Context. The study of protoplanetary disc evolution and theories of planet formation has predominantly concentrated on solar- (and low-) mass stars since they host the majority of confirmed exoplanets. Nevertheless, the confirmation of numerous planets orbiting stars more massive than the Sun (up to similar to 3 M-circle dot) has sparked considerable interest in understanding the mechanisms involved in their formation, and thus in the evolution of their hosting protoplanetary discs. Aims. We aim to improve our knowledge of the evolution of the gaseous component of protoplanetary discs around intermediate-mass stars and to set the stage for future studies of planet formation around them.
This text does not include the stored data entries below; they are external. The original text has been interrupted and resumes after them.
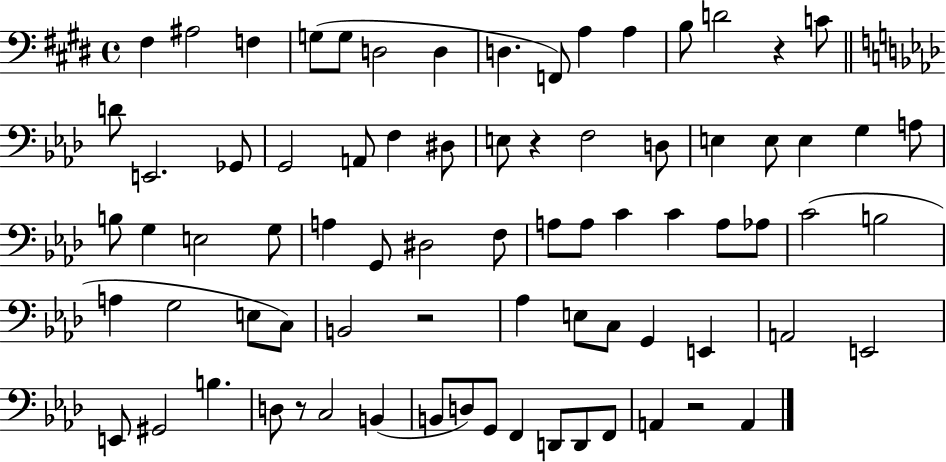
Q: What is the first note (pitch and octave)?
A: F#3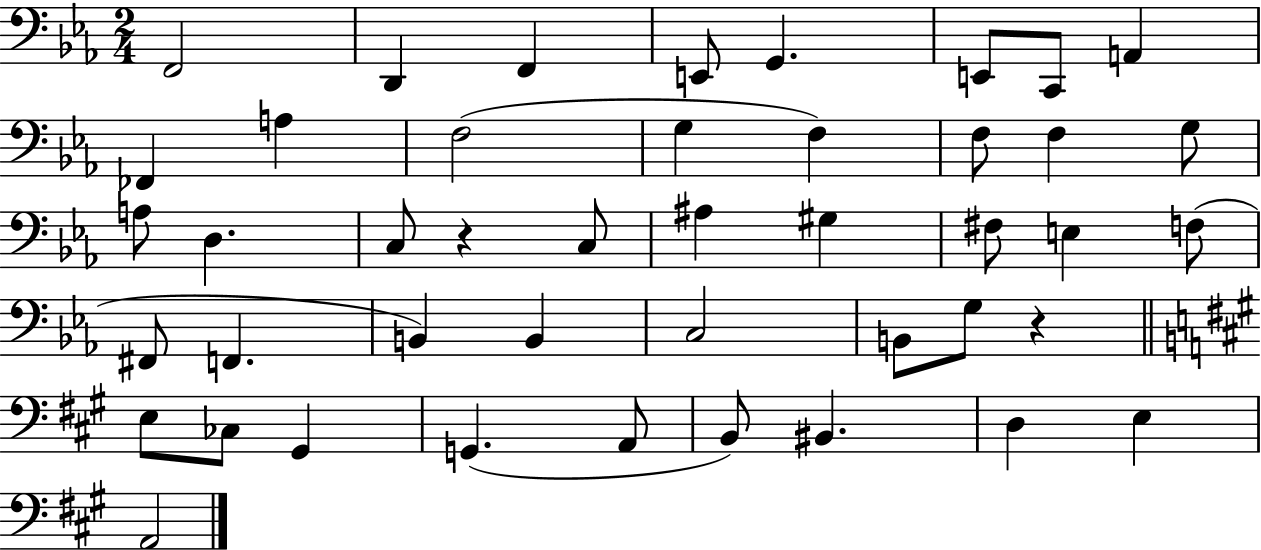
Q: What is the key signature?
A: EES major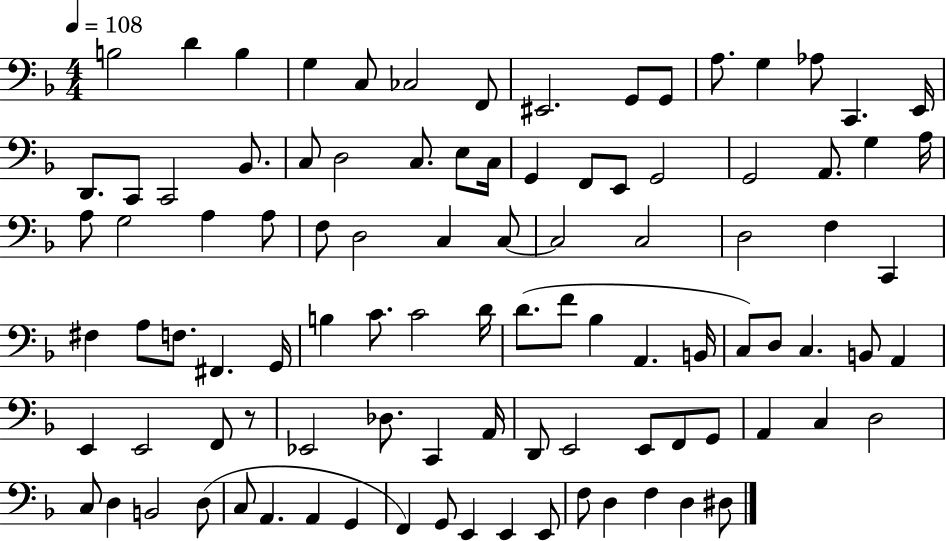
B3/h D4/q B3/q G3/q C3/e CES3/h F2/e EIS2/h. G2/e G2/e A3/e. G3/q Ab3/e C2/q. E2/s D2/e. C2/e C2/h Bb2/e. C3/e D3/h C3/e. E3/e C3/s G2/q F2/e E2/e G2/h G2/h A2/e. G3/q A3/s A3/e G3/h A3/q A3/e F3/e D3/h C3/q C3/e C3/h C3/h D3/h F3/q C2/q F#3/q A3/e F3/e. F#2/q. G2/s B3/q C4/e. C4/h D4/s D4/e. F4/e Bb3/q A2/q. B2/s C3/e D3/e C3/q. B2/e A2/q E2/q E2/h F2/e R/e Eb2/h Db3/e. C2/q A2/s D2/e E2/h E2/e F2/e G2/e A2/q C3/q D3/h C3/e D3/q B2/h D3/e C3/e A2/q. A2/q G2/q F2/q G2/e E2/q E2/q E2/e F3/e D3/q F3/q D3/q D#3/e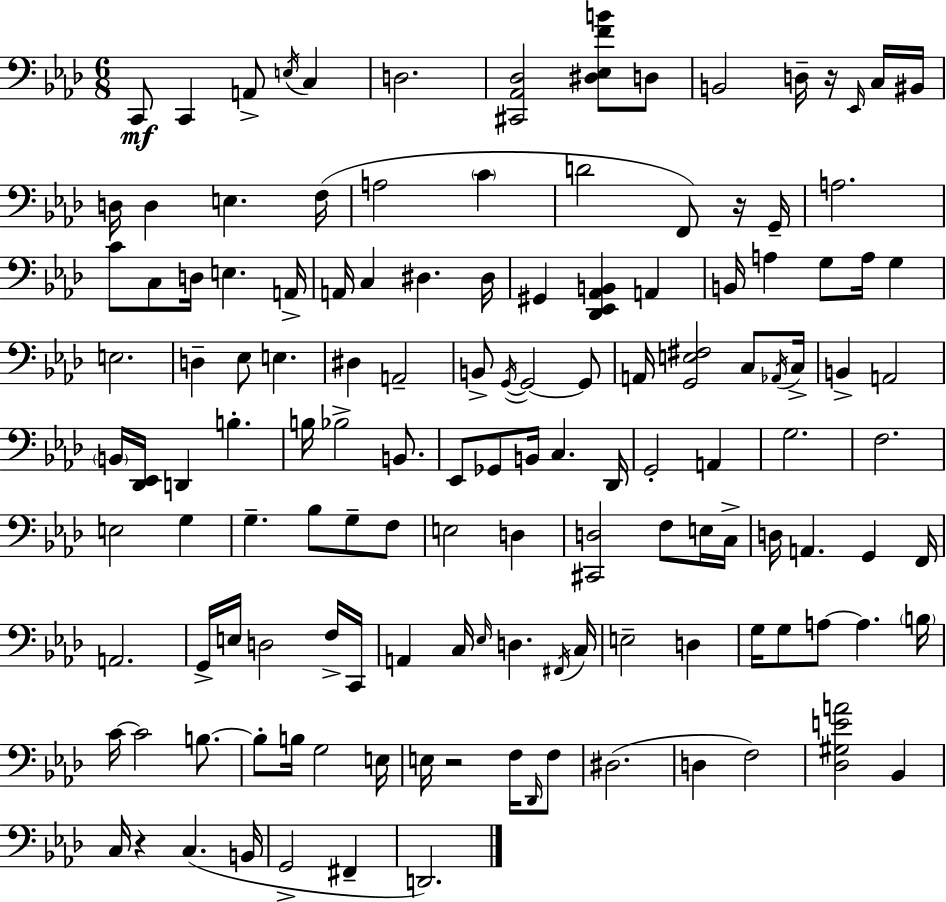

Methods. We study the long-term evolution of protoplanetary discs affected by viscous accretion and photoevaporation by X-ray and far-ultraviolet (FUV) photons from the central star around stars in the range of 1-3 M-circle dot, considering the effects of stellar evolution and solving the vertical structure equations of the disc. We explore the effect of different values of the viscosity parameter and the initial mass of the disc. Results. We find that the evolutionary pathway of protoplanetary disc dispersal due to photoevaporation depends on the stellar mass. Our simulations reveal four distinct evolutionary pathways for the gas component not reported before that are a consequence of stellar evolution and that likely have a substantial impact on the dust evolution, and thus on planet formation. As the stellar mass increases from one solar mass to similar to 1.5-2 M-circle dot, the evolution of the disc changes from the conventional inside-out clearing, in which X-ray photoevaporation generates inner holes, to a homogeneous disc evolution scenario where both inner and outer discs formed after a gap is opened by photoevaporation vanish over a similar timescale. As the stellar mass continues to increase, reaching similar to 2-3 M-circle dot, we identify a distinct pathway that we refer to as revenant disc evolution. In this scenario, the inner and outer discs reconnect after the gap opened. For the largest masses, we observe outside-in disc dispersal, in which the outer disc dissipates first due to a stronger FUV photoevaporation rate. Revenant disc evolution stands out as it is capable of extending the disc lifespan. Otherwise, the disc dispersal timescale decreases with increasing stellar mass except for low-viscosity discs.